Nigeria represents one such opportunity, where the term ‘marginal’ can appear counterintuitive. The country’s marginal resources are substantial, with current resources on offer estimated at around 800 million barrels of oil and 4.5 trillion cubic feet of gas. The Federal Government first introduced its marginal field development program in 1996 to stimulate domestic oil and gas production and build local capacity building in the upstream sector by divesting International Oil companies of dormant discoveries and awarding them to indigenous operators.

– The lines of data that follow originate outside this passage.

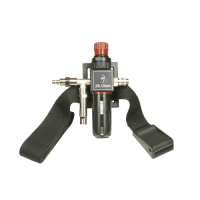 Belte m/ventil, kullfilter og fløyte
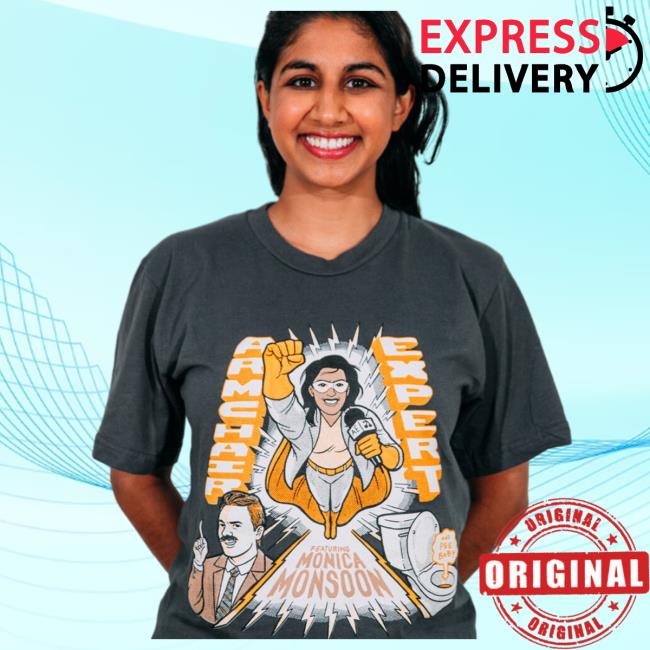 Official Armchair Expert Merch Store Monica Monsoon Shirt 2023 Armchairexpert Philipdefranco Shop
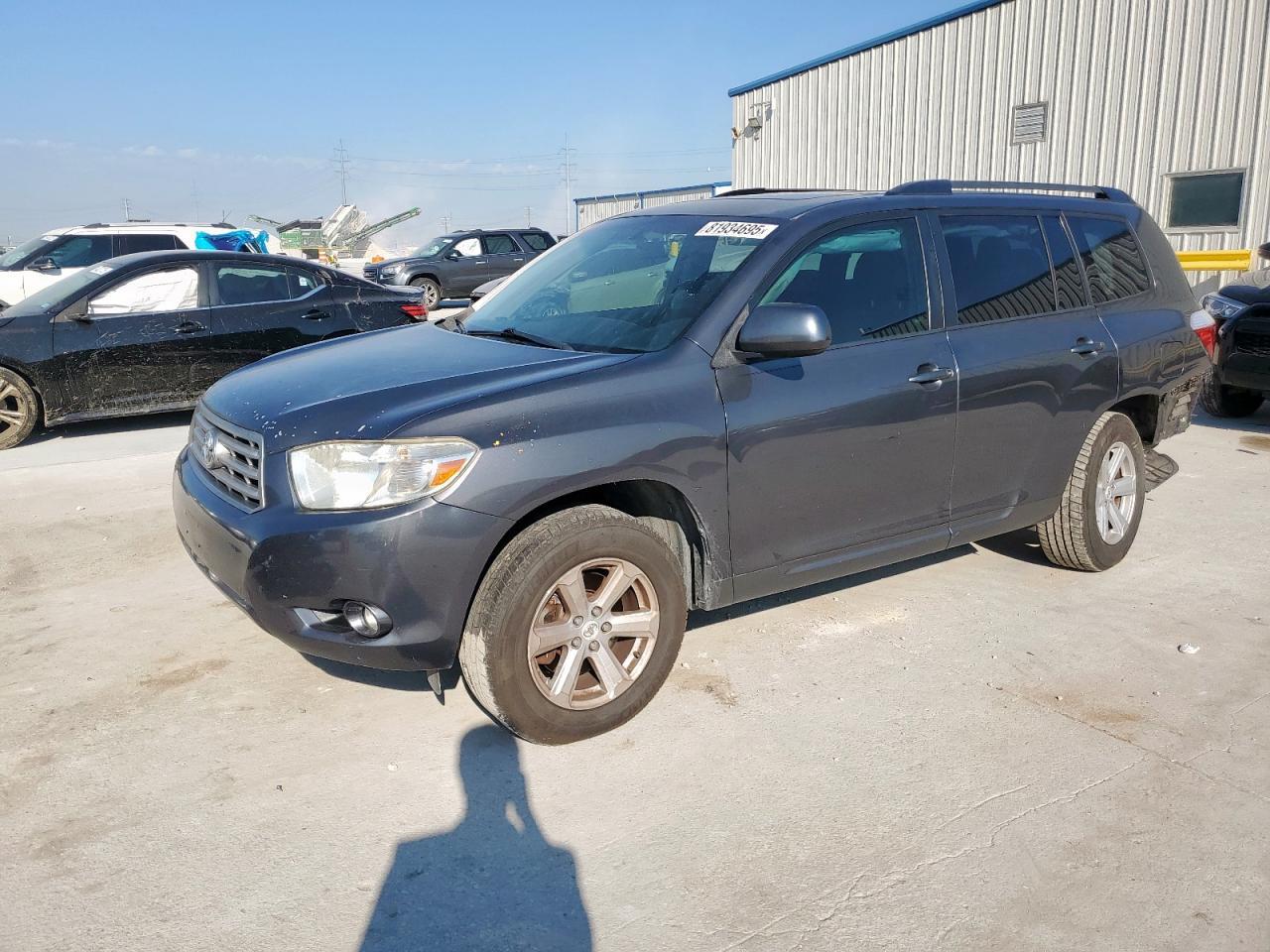 2010 TOYOTA HIGHLANDER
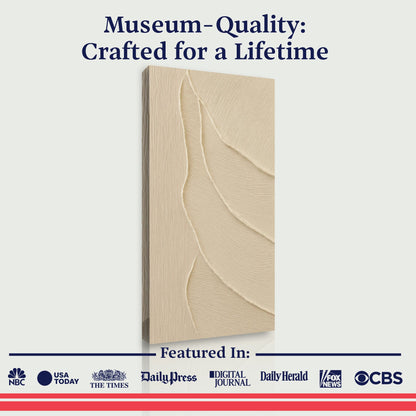 Modern Abstract Minimalist Wall Art X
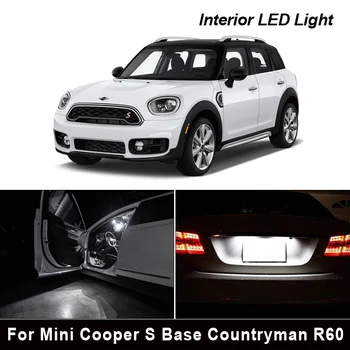 

15X Canbus For Mini Cooper S Base Countryman R60 LED Lamp Interior Light Kit Package (2011-2018) Map Dome Trunk Glove box Light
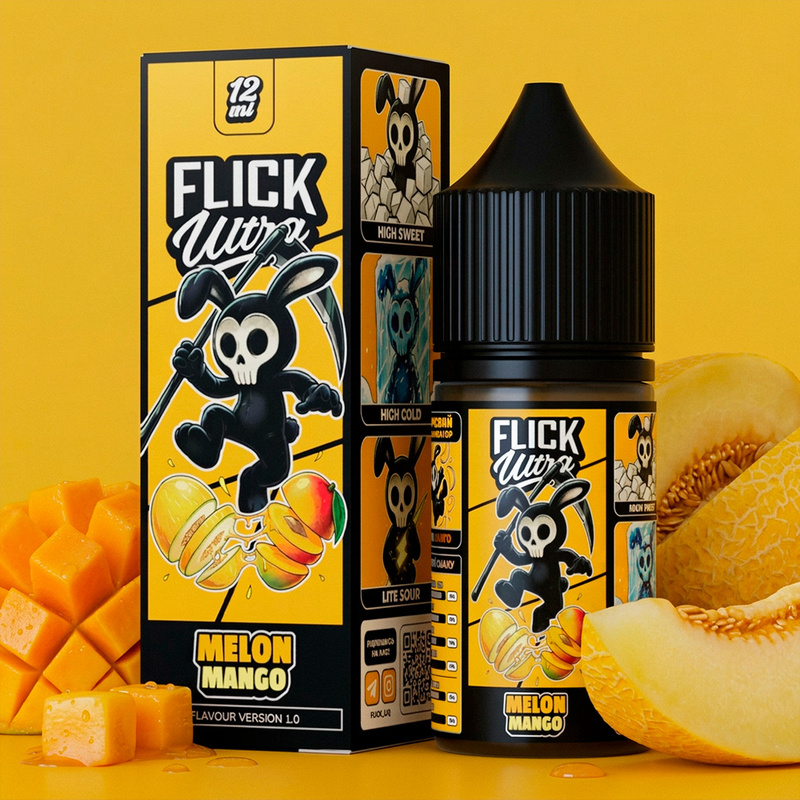 Набор Flick Ultra Mango Melon, 30 мл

Nigeria’s Department of Petroleum Resources (DPR) defines marginal fields as those that have been left unattended for more than 10 years, and divides resources into five categories based on surface terrain and the range of minimum recoverable reserves needed for commercial production: onshore land (2-5 million stock barrels); onshore swamp (7-20 million stock barrels); coastal offshore (12-25 million stock barrels); continental shelf offshore (20-45 million stock barrels); and deep offshore (>40 million stock barrels).

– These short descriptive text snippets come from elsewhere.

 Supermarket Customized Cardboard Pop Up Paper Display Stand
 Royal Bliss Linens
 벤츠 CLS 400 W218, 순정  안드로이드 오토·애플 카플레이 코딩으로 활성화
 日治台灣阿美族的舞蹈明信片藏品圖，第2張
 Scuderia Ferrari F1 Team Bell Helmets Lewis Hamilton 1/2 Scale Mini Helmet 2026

In June 2020, the DPR launched its first marginal field bid round in almost 20 years, placing 57 fields on offer that span onshore, swamp and shallow water acreage. Previously held by IOCs including Shell, ExxonMobil, Chevron and Total, the fields remain undeveloped and few have been appraised. As a result, the round has attracted significant attention from potential bidders, and the DPR awarded the rights in June 2021 to develop marginal fields to 50% of the 161 firms shortlisted, provided they meet the conditions. According to energy research and consultancy firm Wood Mackenzie, the 25 largest oil fields have the potential to generate $9.4 billion of investment over the first five years and over $38 billion in revenue over the lifetime of the fields.
While progress has been made in the development of Nigerian marginal fields to date, financial and technical factors still constrain activities for marginal field operators. Of the 24 fields awarded in the last auction, for example, only 13 are producing and the Federal Government revoked the 11 non-producing licenses. A lack of funding represents one of the primary constraints cited by Nigerian E&P companies, owing in part to the limited participation of the local banking sector. This is where U.S. financiers, hedge funds, private equity or private debt funds can help fill the gap and backstop the balance sheets of strong, competent local and regional companies.

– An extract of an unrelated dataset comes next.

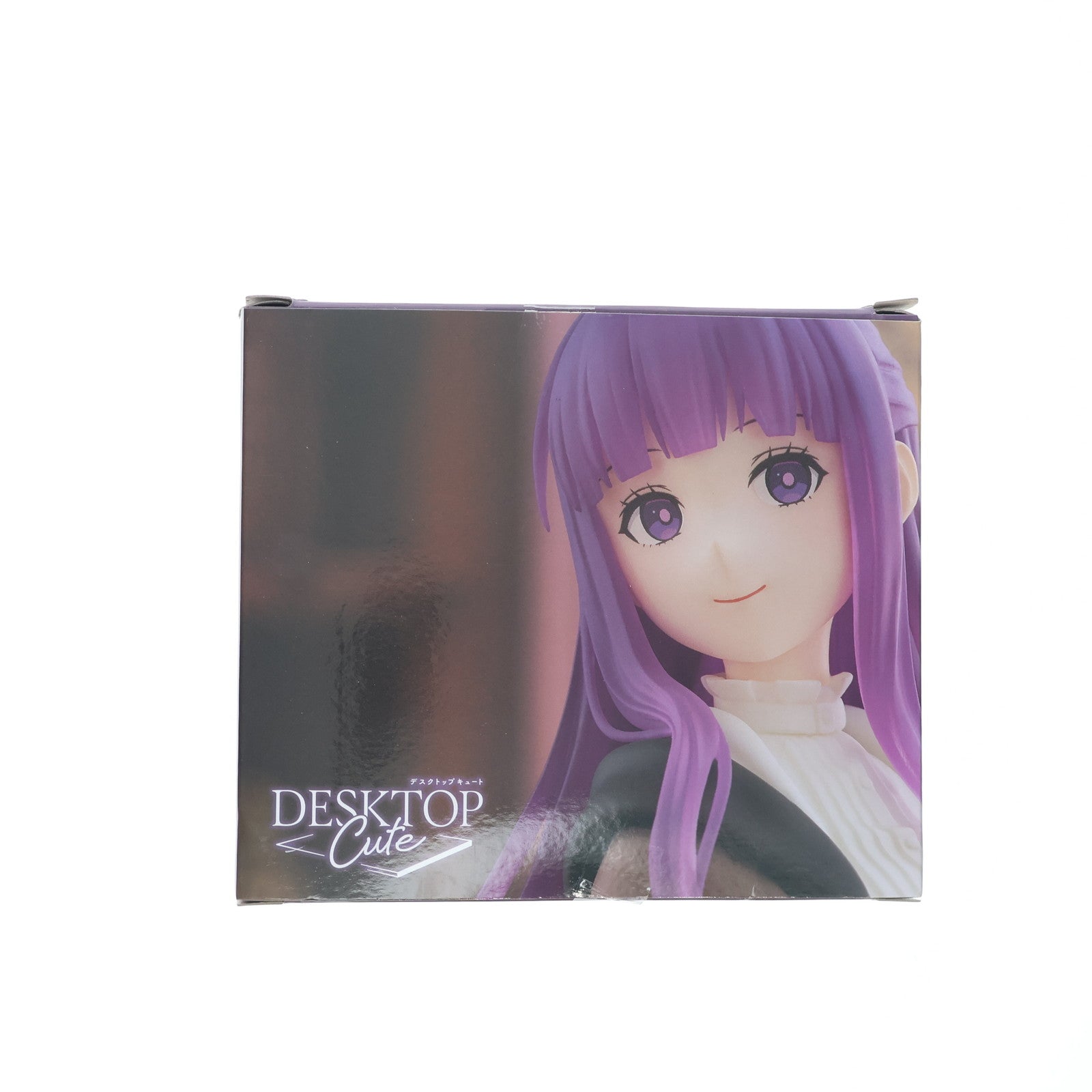 【中古即納】[FIG] フェルン 葬送のフリーレン Desktop Cute フィギュア プライズ(451860900) タイトー(20250426)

Nigerian operators cite a lack of technical expertise as an inhibitor to development. U.S. technology and service providers are well positioned to lend technical expertise and facilitate technology transfer to indigenous operators to become self-sufficient in operating their own assets. U.S. technical operators can help unlock untapped subsurface potential through reservoir, wells, risk management, integrity and commercial assets to boost reliability, maximize cost efficiency and ensure project success. African operators can utilize American technical expertise and operational infrastructure to harness marginal resources and expand into new development opportunities, so long as projects are supported by sufficient gas resources and access to stable markets.